An NoC monitoring system has the same main requirements as the NoC itself; it should be flexible, scalable and it should also be capable of real-time operation (Ciordas, Basten, Radulescu, Goossens, & Meerbergen, 2005). Scalability and flexibility ensure that a monitoring system can be used in different sized NoCs without a time consuming redesign process. A monitoring system itself should also be fault tolerant.

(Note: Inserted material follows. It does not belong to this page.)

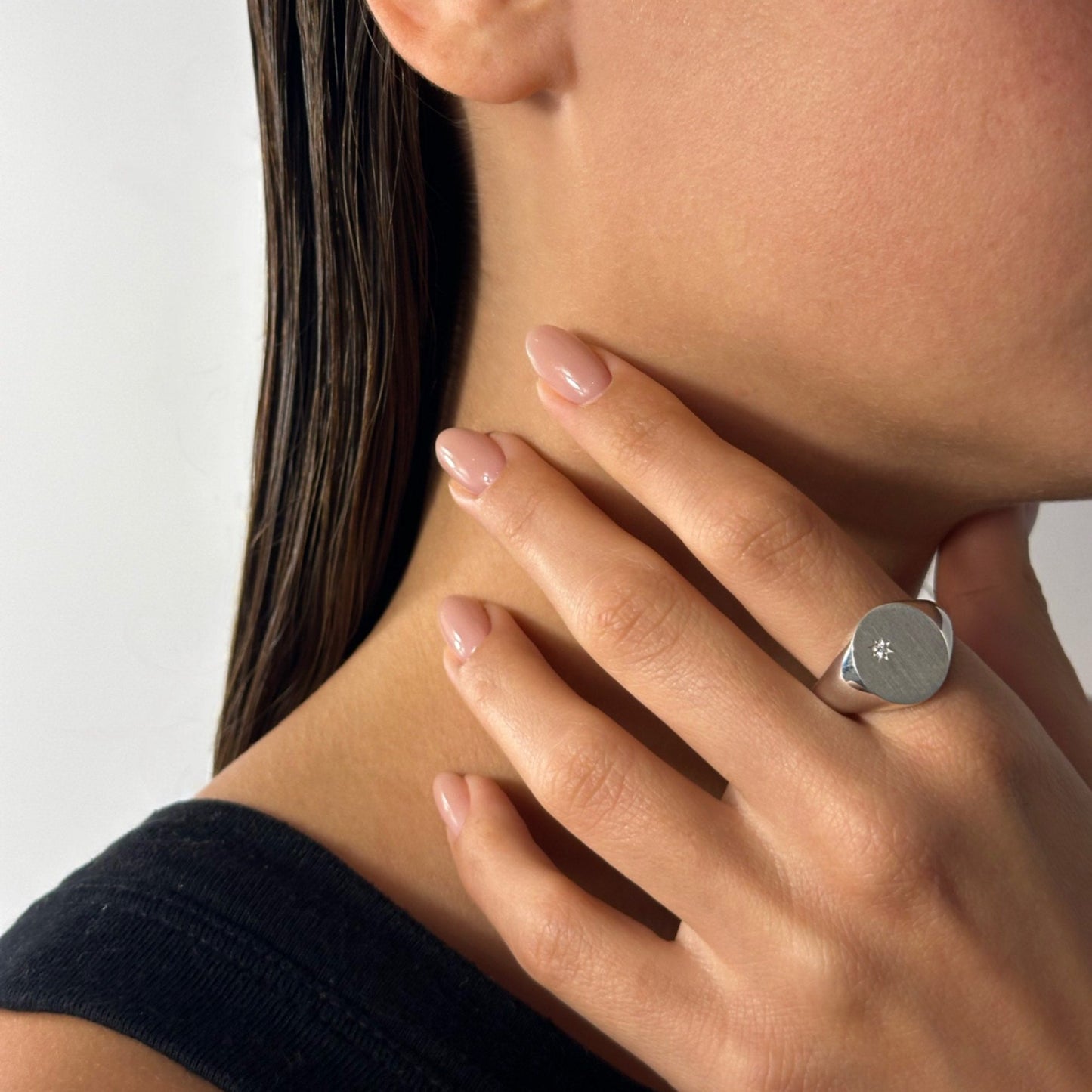 woman wearing classic silver signet ring natural round diamond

A network monitoring structure consists of monitoring units (monitors) and probes as well as communication resources, or wires, to connect these components to each other and to the NoC, as illustrated in Figure 1. The probes are connected to network components, e.g., routers, network interfaces or links, whose functionality they observe and deliver the observed data to the monitoring units. If there are dedicated resources for communication between the probes and the monitors, the probes can be controlled from the monitors. Otherwise the probes have to be more autonomous to be able to communicate over the shared packet switched network. Monitors collect the monitoring data, exchange the data with other monitors and provide information for network components which can use it to reconfigure their operation. The system diagnostics can share the resources of the traffic management but may also require dedicated components, e.g., probes which are attached to the computational resources and centralized control devices which are not necessarily required in the traffic management.

Figure 1.

Main components of network monitoring systems. Network components to be monitored are e.g. routers, links or network interfaces.